Exercise> Output exactly the lines of the listing below that run from the line with "All right everybody, welcome" through the line with "Hello guys, welcome". No pictures.

Supplied material>

━━━━━━━━

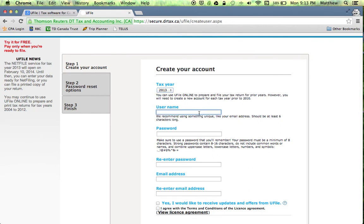For usernames I'm going to recommend you enter an email address. The reason being is you're probably not going to use ufile between this year and next year, so you're probably going to forget a username.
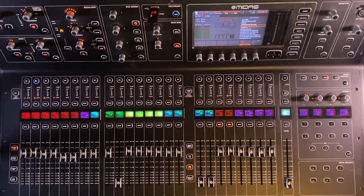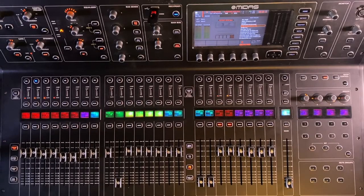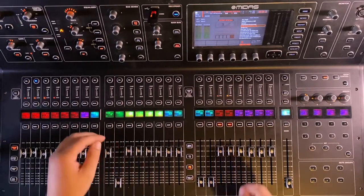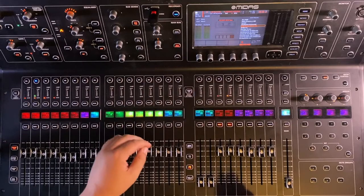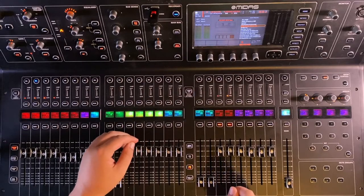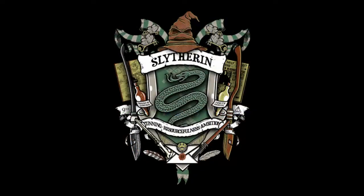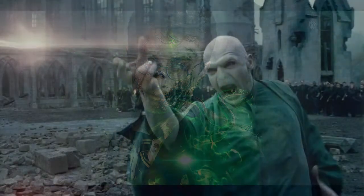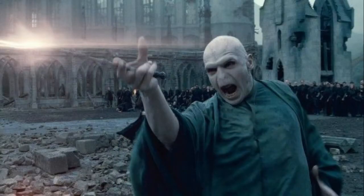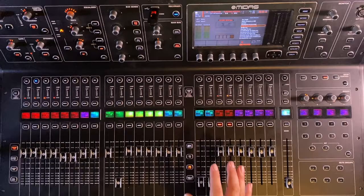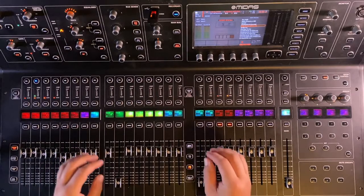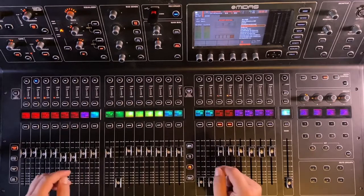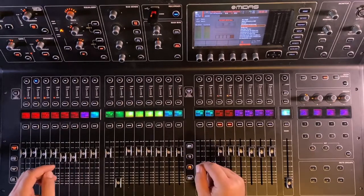All right everybody, welcome back to the channel. Today I am going to show you some dark arts, some witchcraft, some magic and wizardry. I don't know if you guys are prepared, but we're going to dive right into it.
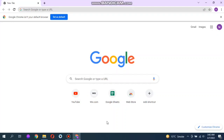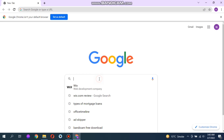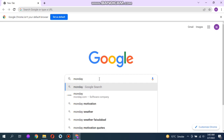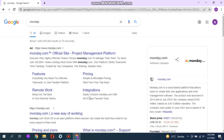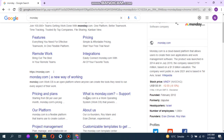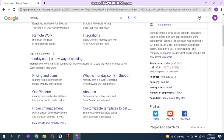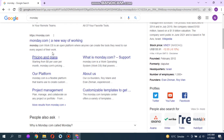Hello guys, welcome back to another interesting and informative video. Today I will show you what the monday.com website is. Monday.com is a work operating system that powers teams to run projects and workflows with confidence. It's a simple work operating system for teams to shape workflows for shifting needs, create transparency, connect collaboratively.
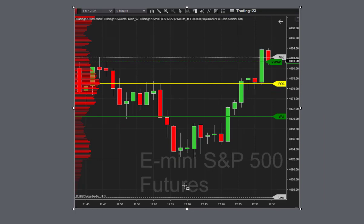Here is the ES — same thing. It loses the VWAP, sells off below the POC line, goes right down to the value area low, bounces to the POC line, then back down to the low. In the afternoon it sold off some but didn't get all the way back down to the low. Then the market rebounds — when you're sitting there staring at your chart and ES suddenly takes off, it's because all these buyers are right there at the VAL line.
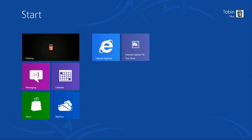With this latest platform preview, IE 10 continues to deliver the foundational features and performance that developers depend on to build great applications. You can download the Windows 8 release preview today. Then you can try these demos and more at IETestDrive.com.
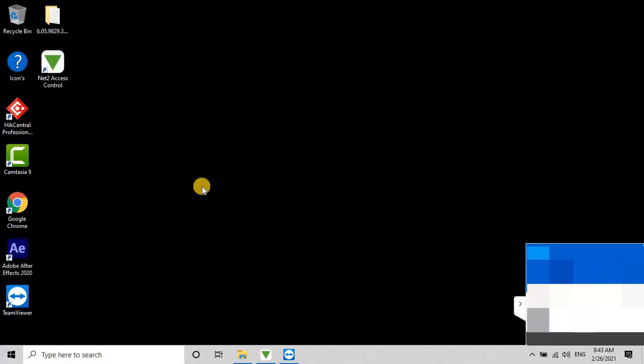In the previous video, we learned how to download the Paxton Access Control Software Net-2 and install it on our PC in an easy way. In this video, we will learn how to add controllers to the software and configure the system to make it work for users who are making Paxton Access Control Setup for the first time. Without further ado, let's start the video.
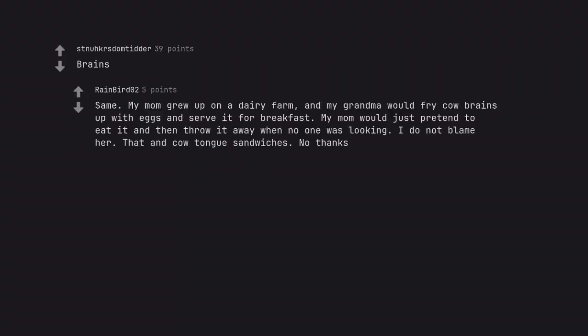Brains. Same. My mom grew up on a dairy farm, and my grandma would fry cow brains up with eggs and serve it for breakfast. My mom would just pretend to eat it and then throw it away when no one was looking. I do not blame her. That and cow tongue sandwiches. No thanks.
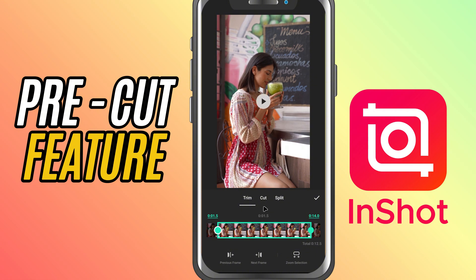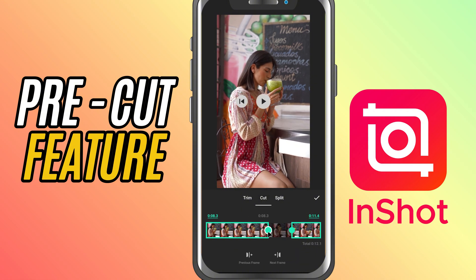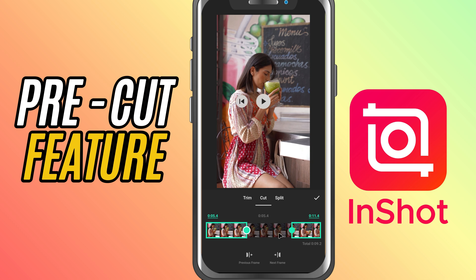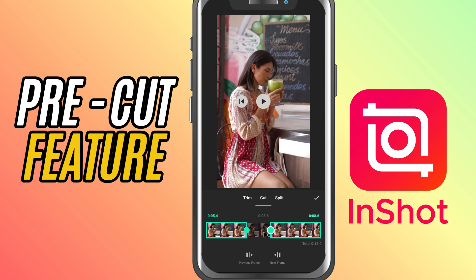Cut: use this when you want to remove a specific section from the middle of your video. Perfect if there's a mistake or pause in your footage.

━━━━━━━━

Task solution>
All right everybody, welcome back to the channel. Today I am going to show you some dark arts, some witchcraft, some magic and wizardry. I don't know if you guys are prepared, but we're going to dive right into it.
Hello guys, welcome back to another interesting and informative video. Today I will show you what the monday.com website is. Monday.com is a work operating system that powers teams to run projects and workflows with confidence. It's a simple work operating system for teams to shape workflows for shifting needs, create transparency, connect collaboratively.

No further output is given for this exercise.